> _The problem_: The data beneath this task is to be duplicated exactly, in its entirety.

+++ Records to use

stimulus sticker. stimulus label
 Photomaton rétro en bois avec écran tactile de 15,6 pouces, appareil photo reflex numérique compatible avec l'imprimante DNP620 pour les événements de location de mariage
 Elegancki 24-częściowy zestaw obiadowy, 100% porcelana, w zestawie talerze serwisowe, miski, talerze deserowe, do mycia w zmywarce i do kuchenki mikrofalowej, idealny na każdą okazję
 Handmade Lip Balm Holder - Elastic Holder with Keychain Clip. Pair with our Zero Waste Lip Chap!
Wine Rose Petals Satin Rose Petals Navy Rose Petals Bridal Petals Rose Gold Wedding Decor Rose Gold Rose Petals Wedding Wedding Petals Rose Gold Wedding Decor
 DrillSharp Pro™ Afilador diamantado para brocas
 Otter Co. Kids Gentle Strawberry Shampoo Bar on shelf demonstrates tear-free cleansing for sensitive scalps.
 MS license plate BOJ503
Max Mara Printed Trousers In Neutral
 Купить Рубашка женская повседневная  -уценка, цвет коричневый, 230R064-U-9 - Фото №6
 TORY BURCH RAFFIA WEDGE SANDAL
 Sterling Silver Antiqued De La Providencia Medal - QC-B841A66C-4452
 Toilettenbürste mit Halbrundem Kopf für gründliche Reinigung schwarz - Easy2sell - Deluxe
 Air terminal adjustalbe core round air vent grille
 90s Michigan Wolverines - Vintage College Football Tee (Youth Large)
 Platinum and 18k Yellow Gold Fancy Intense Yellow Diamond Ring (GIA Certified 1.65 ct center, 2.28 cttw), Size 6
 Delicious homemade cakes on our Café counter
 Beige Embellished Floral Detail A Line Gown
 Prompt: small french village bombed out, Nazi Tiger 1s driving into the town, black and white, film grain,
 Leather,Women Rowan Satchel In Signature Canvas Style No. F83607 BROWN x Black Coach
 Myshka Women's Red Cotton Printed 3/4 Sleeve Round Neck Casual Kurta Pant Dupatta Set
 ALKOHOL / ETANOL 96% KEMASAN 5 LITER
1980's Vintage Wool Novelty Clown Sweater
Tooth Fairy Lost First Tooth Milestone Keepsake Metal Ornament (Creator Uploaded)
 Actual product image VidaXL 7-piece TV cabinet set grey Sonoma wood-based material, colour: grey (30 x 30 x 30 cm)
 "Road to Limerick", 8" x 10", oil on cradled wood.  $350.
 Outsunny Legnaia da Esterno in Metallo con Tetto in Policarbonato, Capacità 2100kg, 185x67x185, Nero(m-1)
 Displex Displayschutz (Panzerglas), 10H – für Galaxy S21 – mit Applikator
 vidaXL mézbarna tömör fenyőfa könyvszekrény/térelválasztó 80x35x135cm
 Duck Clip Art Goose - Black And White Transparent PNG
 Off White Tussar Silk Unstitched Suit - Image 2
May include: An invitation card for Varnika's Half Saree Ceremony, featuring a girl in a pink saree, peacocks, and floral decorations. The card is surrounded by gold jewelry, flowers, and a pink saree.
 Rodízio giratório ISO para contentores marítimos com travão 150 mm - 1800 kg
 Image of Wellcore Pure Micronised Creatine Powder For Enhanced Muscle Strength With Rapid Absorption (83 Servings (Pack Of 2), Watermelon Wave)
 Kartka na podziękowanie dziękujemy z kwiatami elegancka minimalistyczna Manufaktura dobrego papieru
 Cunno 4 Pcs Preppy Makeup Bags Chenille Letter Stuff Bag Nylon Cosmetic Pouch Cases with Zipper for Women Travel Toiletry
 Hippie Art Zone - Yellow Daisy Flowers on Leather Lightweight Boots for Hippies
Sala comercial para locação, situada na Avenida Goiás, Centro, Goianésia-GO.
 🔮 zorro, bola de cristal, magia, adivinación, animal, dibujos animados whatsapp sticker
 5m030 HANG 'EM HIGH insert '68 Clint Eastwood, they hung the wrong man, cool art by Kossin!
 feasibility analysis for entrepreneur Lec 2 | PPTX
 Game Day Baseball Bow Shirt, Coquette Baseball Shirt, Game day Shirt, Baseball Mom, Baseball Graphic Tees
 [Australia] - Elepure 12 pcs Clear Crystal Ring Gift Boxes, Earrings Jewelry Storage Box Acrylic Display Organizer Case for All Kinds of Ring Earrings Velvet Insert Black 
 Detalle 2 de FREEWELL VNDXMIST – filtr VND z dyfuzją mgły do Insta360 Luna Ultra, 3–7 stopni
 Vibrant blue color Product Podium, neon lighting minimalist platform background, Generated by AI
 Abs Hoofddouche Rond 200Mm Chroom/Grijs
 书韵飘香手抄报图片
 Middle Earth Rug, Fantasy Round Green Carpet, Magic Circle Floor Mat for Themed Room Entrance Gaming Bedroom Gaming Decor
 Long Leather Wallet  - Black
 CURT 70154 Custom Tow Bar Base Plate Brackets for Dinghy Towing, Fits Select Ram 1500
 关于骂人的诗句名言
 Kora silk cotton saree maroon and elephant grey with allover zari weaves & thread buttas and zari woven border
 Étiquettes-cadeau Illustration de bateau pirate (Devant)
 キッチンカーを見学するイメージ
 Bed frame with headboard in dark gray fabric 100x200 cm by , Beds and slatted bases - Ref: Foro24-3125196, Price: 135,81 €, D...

++++++

> _Response to the exercise_:
stimulus sticker. stimulus label
 Photomaton rétro en bois avec écran tactile de 15,6 pouces, appareil photo reflex numérique compatible avec l'imprimante DNP620 pour les événements de location de mariage
 Elegancki 24-częściowy zestaw obiadowy, 100% porcelana, w zestawie talerze serwisowe, miski, talerze deserowe, do mycia w zmywarce i do kuchenki mikrofalowej, idealny na każdą okazję
 Handmade Lip Balm Holder - Elastic Holder with Keychain Clip. Pair with our Zero Waste Lip Chap!
Wine Rose Petals Satin Rose Petals Navy Rose Petals Bridal Petals Rose Gold Wedding Decor Rose Gold Rose Petals Wedding Wedding Petals Rose Gold Wedding Decor
 DrillSharp Pro™ Afilador diamantado para brocas
 Otter Co. Kids Gentle Strawberry Shampoo Bar on shelf demonstrates tear-free cleansing for sensitive scalps.
 MS license plate BOJ503
Max Mara Printed Trousers In Neutral
 Купить Рубашка женская повседневная  -уценка, цвет коричневый, 230R064-U-9 - Фото №6
 TORY BURCH RAFFIA WEDGE SANDAL
 Sterling Silver Antiqued De La Providencia Medal - QC-B841A66C-4452
 Toilettenbürste mit Halbrundem Kopf für gründliche Reinigung schwarz - Easy2sell - Deluxe
 Air terminal adjustalbe core round air vent grille
 90s Michigan Wolverines - Vintage College Football Tee (Youth Large)
 Platinum and 18k Yellow Gold Fancy Intense Yellow Diamond Ring (GIA Certified 1.65 ct center, 2.28 cttw), Size 6
 Delicious homemade cakes on our Café counter
 Beige Embellished Floral Detail A Line Gown
 Prompt: small french village bombed out, Nazi Tiger 1s driving into the town, black and white, film grain,
 Leather,Women Rowan Satchel In Signature Canvas Style No. F83607 BROWN x Black Coach
 Myshka Women's Red Cotton Printed 3/4 Sleeve Round Neck Casual Kurta Pant Dupatta Set
 ALKOHOL / ETANOL 96% KEMASAN 5 LITER
1980's Vintage Wool Novelty Clown Sweater
Tooth Fairy Lost First Tooth Milestone Keepsake Metal Ornament (Creator Uploaded)
 Actual product image VidaXL 7-piece TV cabinet set grey Sonoma wood-based material, colour: grey (30 x 30 x 30 cm)
 "Road to Limerick", 8" x 10", oil on cradled wood.  $350.
 Outsunny Legnaia da Esterno in Metallo con Tetto in Policarbonato, Capacità 2100kg, 185x67x185, Nero(m-1)
 Displex Displayschutz (Panzerglas), 10H – für Galaxy S21 – mit Applikator
 vidaXL mézbarna tömör fenyőfa könyvszekrény/térelválasztó 80x35x135cm
 Duck Clip Art Goose - Black And White Transparent PNG
 Off White Tussar Silk Unstitched Suit - Image 2
May include: An invitation card for Varnika's Half Saree Ceremony, featuring a girl in a pink saree, peacocks, and floral decorations. The card is surrounded by gold jewelry, flowers, and a pink saree.
 Rodízio giratório ISO para contentores marítimos com travão 150 mm - 1800 kg
 Image of Wellcore Pure Micronised Creatine Powder For Enhanced Muscle Strength With Rapid Absorption (83 Servings (Pack Of 2), Watermelon Wave)
 Kartka na podziękowanie dziękujemy z kwiatami elegancka minimalistyczna Manufaktura dobrego papieru
 Cunno 4 Pcs Preppy Makeup Bags Chenille Letter Stuff Bag Nylon Cosmetic Pouch Cases with Zipper for Women Travel Toiletry
 Hippie Art Zone - Yellow Daisy Flowers on Leather Lightweight Boots for Hippies
Sala comercial para locação, situada na Avenida Goiás, Centro, Goianésia-GO.
 🔮 zorro, bola de cristal, magia, adivinación, animal, dibujos animados whatsapp sticker
 5m030 HANG 'EM HIGH insert '68 Clint Eastwood, they hung the wrong man, cool art by Kossin!
 feasibility analysis for entrepreneur Lec 2 | PPTX
 Game Day Baseball Bow Shirt, Coquette Baseball Shirt, Game day Shirt, Baseball Mom, Baseball Graphic Tees
 [Australia] - Elepure 12 pcs Clear Crystal Ring Gift Boxes, Earrings Jewelry Storage Box Acrylic Display Organizer Case for All Kinds of Ring Earrings Velvet Insert Black 
 Detalle 2 de FREEWELL VNDXMIST – filtr VND z dyfuzją mgły do Insta360 Luna Ultra, 3–7 stopni
 Vibrant blue color Product Podium, neon lighting minimalist platform background, Generated by AI
 Abs Hoofddouche Rond 200Mm Chroom/Grijs
 书韵飘香手抄报图片
 Middle Earth Rug, Fantasy Round Green Carpet, Magic Circle Floor Mat for Themed Room Entrance Gaming Bedroom Gaming Decor
 Long Leather Wallet  - Black
 CURT 70154 Custom Tow Bar Base Plate Brackets for Dinghy Towing, Fits Select Ram 1500
 关于骂人的诗句名言
 Kora silk cotton saree maroon and elephant grey with allover zari weaves & thread buttas and zari woven border
 Étiquettes-cadeau Illustration de bateau pirate (Devant)
 キッチンカーを見学するイメージ
 Bed frame with headboard in dark gray fabric 100x200 cm by , Beds and slatted bases - Ref: Foro24-3125196, Price: 135,81 €, D...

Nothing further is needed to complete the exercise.